RECORD EXCERPTS:
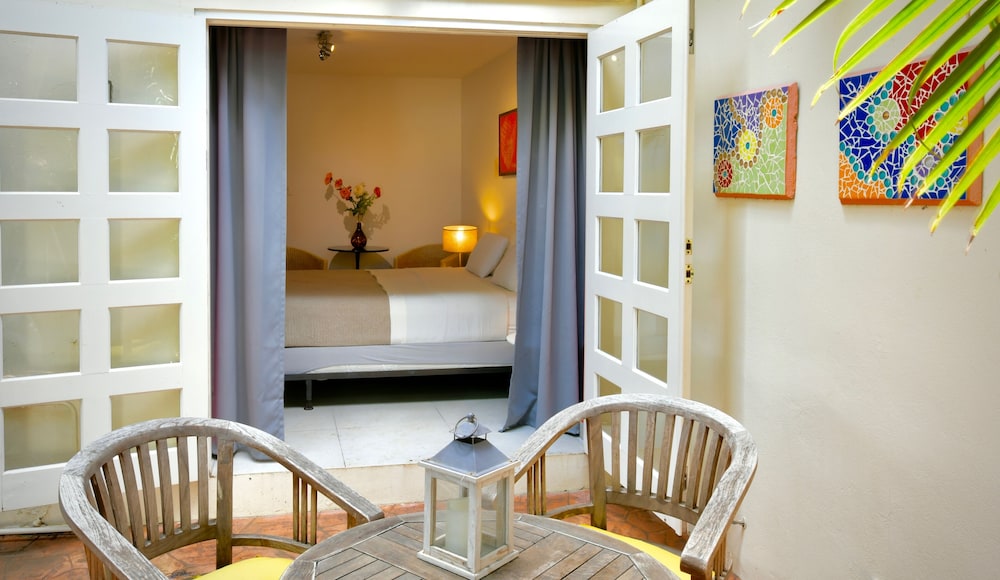 

Roma - Oranjestad - Wonders Boutique Hotel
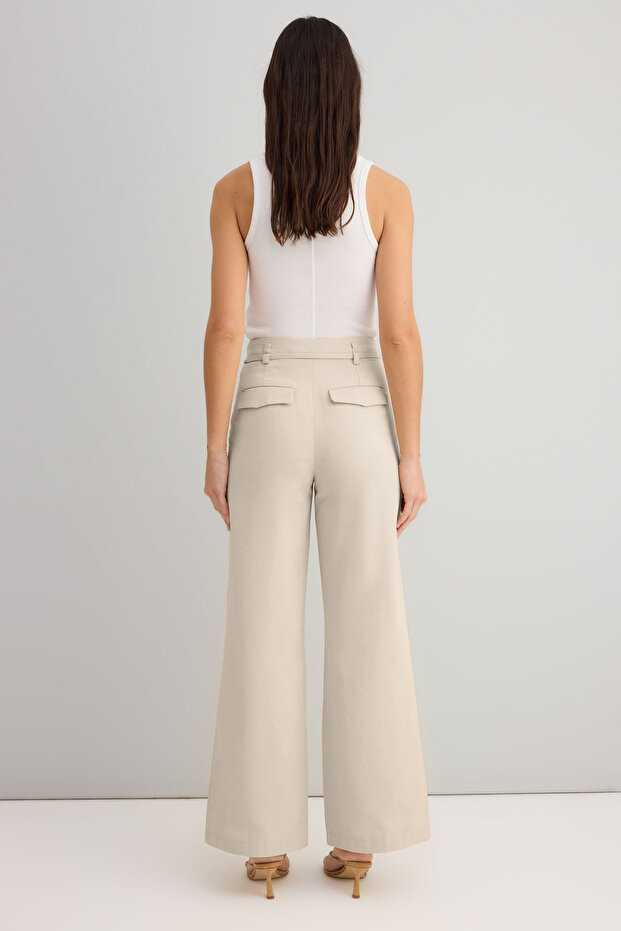 Beyaz Pamuklu Gabardin Kemerli Wide Leg/Geniş Paça Pantolon TWOSS25PL00115 - 4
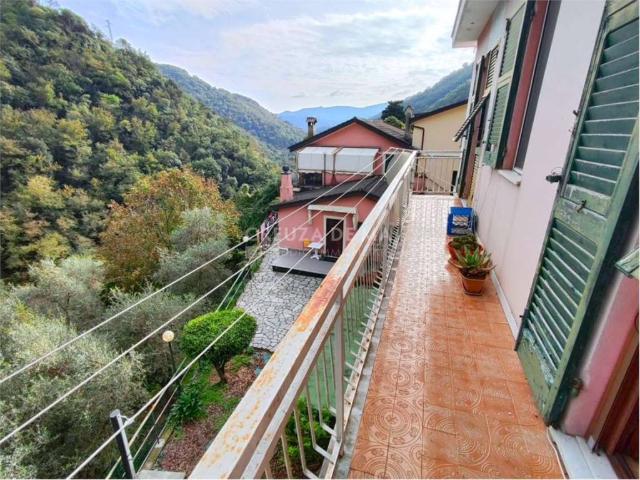 Villa Indipendente in vendita a Rapallo, Liguria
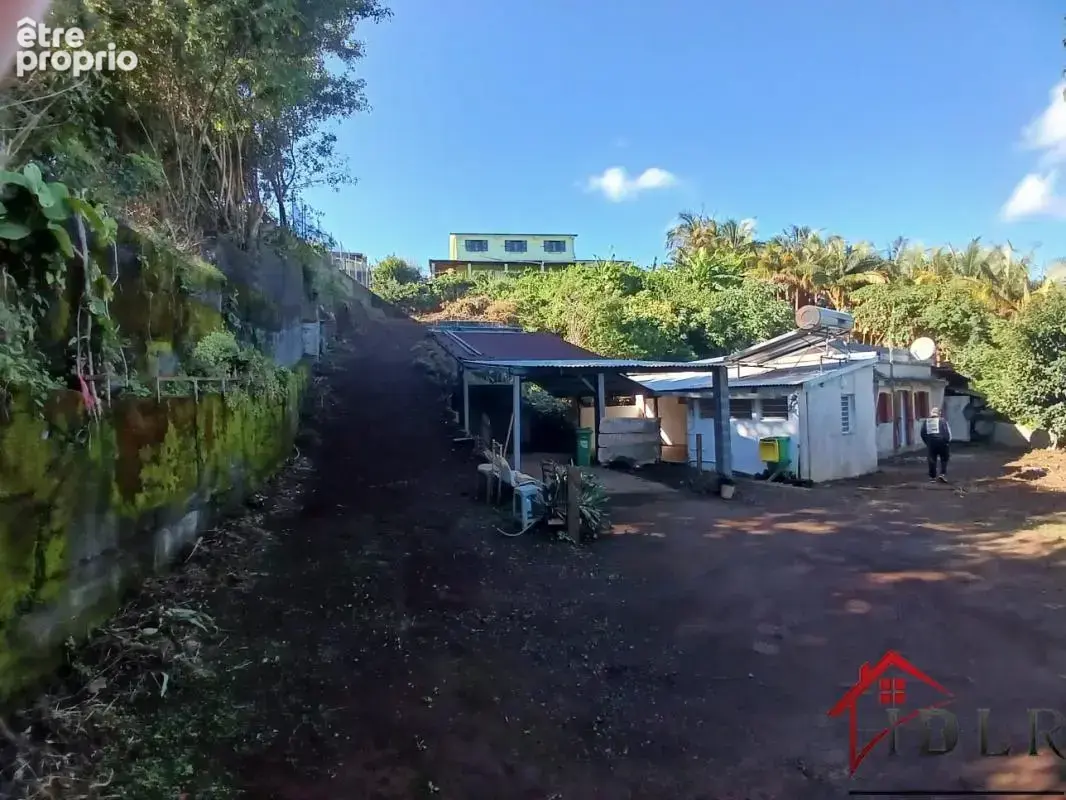 En EXCLUSIVITÉ : Terrain constructible de 1 333 m2 avec vue - photo 9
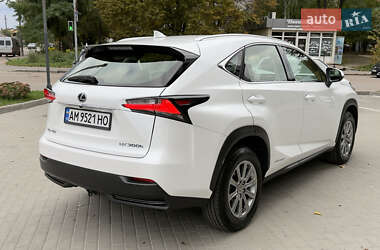 Внедорожник / Кроссовер Lexus NX 2014 в 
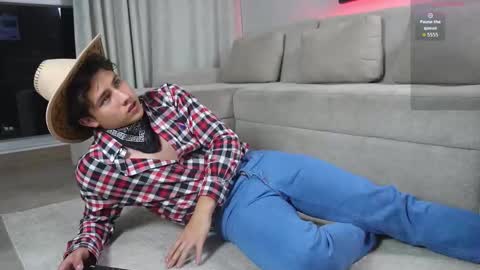  THEO- MATEO  online show from 11-25-25, 11:16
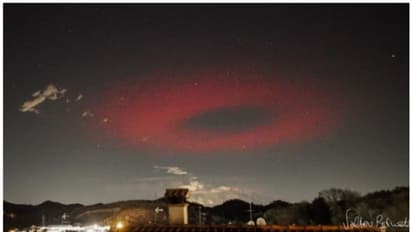 360 കിലോമീറ്റർ വ്യാസത്തിൽ ആകാശത്ത് ചുവന്ന മോതിരവളയം;  അന്യഗ്രഹ ബഹിരാകാശ പേടകമെന്ന് നെറ്റിസണ്‍സ് !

AIM OF THE TASK:
Leave the pictures out and output all of the data verbatim.

RESULT:
Roma - Oranjestad - Wonders Boutique Hotel
 Beyaz Pamuklu Gabardin Kemerli Wide Leg/Geniş Paça Pantolon TWOSS25PL00115 - 4
 Villa Indipendente in vendita a Rapallo, Liguria
 En EXCLUSIVITÉ : Terrain constructible de 1 333 m2 avec vue - photo 9
 Внедорожник / Кроссовер Lexus NX 2014 в 
  THEO- MATEO  online show from 11-25-25, 11:16
 360 കിലോമീറ്റർ വ്യാസത്തിൽ ആകാശത്ത് ചുവന്ന മോതിരവളയം;  അന്യഗ്രഹ ബഹിരാകാശ പേടകമെന്ന് നെറ്റിസണ്‍സ് !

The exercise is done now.